During my national service, I applied for and gained admission to the State University of New York, College of Environmental Science and Forestry, to pursue my Masters. I left right after my service ended. Graduate school was interesting as after I got over the culture shock, I leaned so many new things and made many lasting friendships. It was also the first time I got to experience snow. I worked as a teaching and research assistant during grad school to pay for my living expenses and the school offered me a 2-year tuition scholarship. Without these, there is no way I could have paid for an American education. After grad school, I worked for an environmental consulting company in Boston, for about 2 years. During the global crash of 2008, I moved to New Jersey with my now husband (then boyfriend), where he was to begin his medical residency.

It was hard to find another job since layoffs were the norm. I elected to move back to Ghana to interview for the AIMS position since I knew it would be temporary. After 2 years with AIMS, I moved back to the States and worked as a bank teller for 7 months before I started working with the Department of transportation as an engineer again.

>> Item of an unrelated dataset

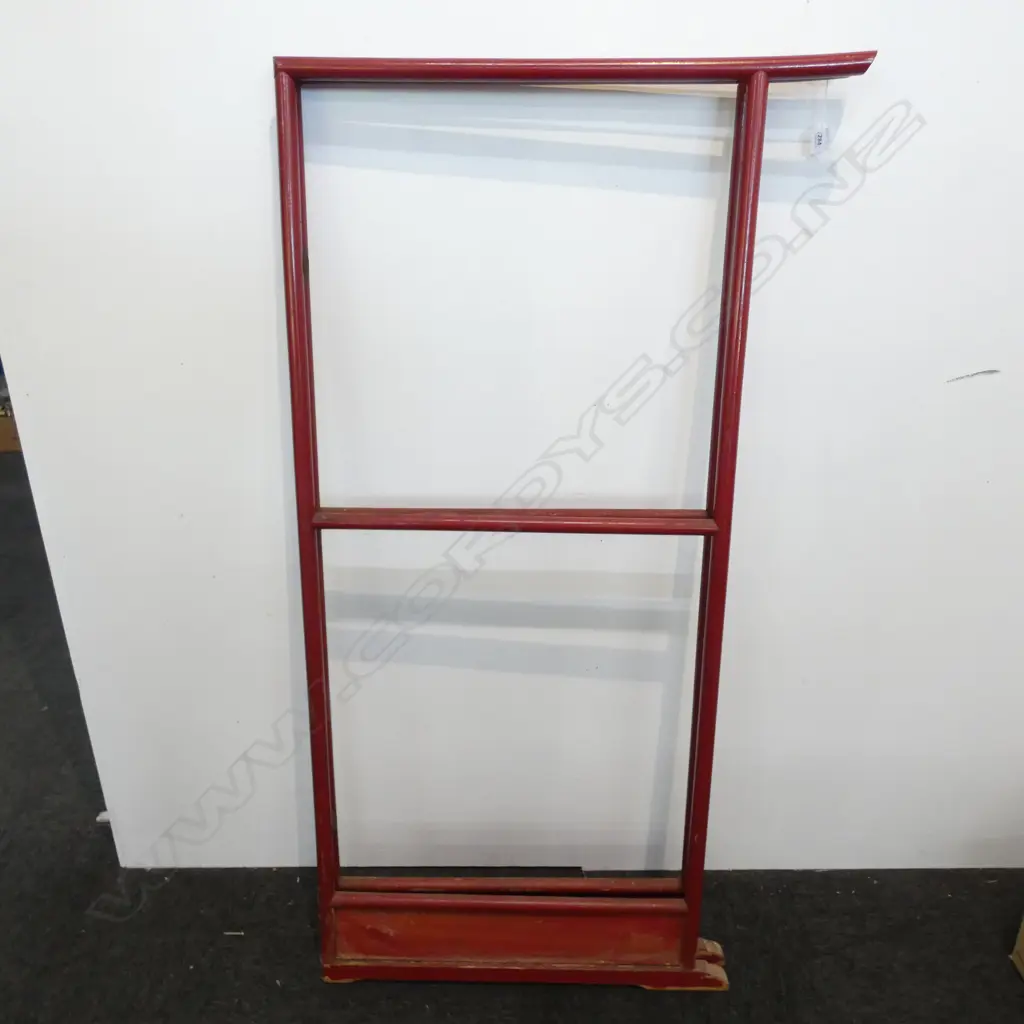 JAPANESE KIMONO STAND RED LACQUER H. 1370MM Image 1++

What are some of your inspirations and challenges?
Prof. Mrs. Esi Awuah, former Vice Chancellor of the University of Energy & Environmental Resources, and my undergraduate environmental engineering professor. I developed a love for all things environmental thorough her tutelage. My family, especially my children, I tell myself that even if I don’t achieve anything else in life, and I am able to help them grow into productive, responsible functioning adults who do the right thing, and are able to take care of themselves and give to others I would have succeeded at life. I am enjoying seeing life through their eyes.

My biggest challenge was when I returned to the US and could not secure a job right away. I was so used to getting up every day, going to work and feeling useful, and here I was having to depend on my husband. That was tough for me. It took some time and introspection for me to realize that my worth was not in what I do, but who I am. And that is what I hope to teach my daughter, that you should first be comfortable in who you are before adding on anything else. That way, circumstances do not affect you much, because you know they are transient.

What we should know about you outside work?
I enjoy reading and trying out new recipes. When possible, I like to attend outdoor concerts and engage in way too much retail therapy 😊. I also like to take long walks.

Any achievements or awards?
In 2008 I received the international Student Award for Academic Excellence.

What’s your favorite quote?
My absolute favorite, attributed to Winnie the Pooh, no less is “You are braver than you believe, stronger than you seem and smarter than you think”

Thank you very much Nana for taking your time to do this.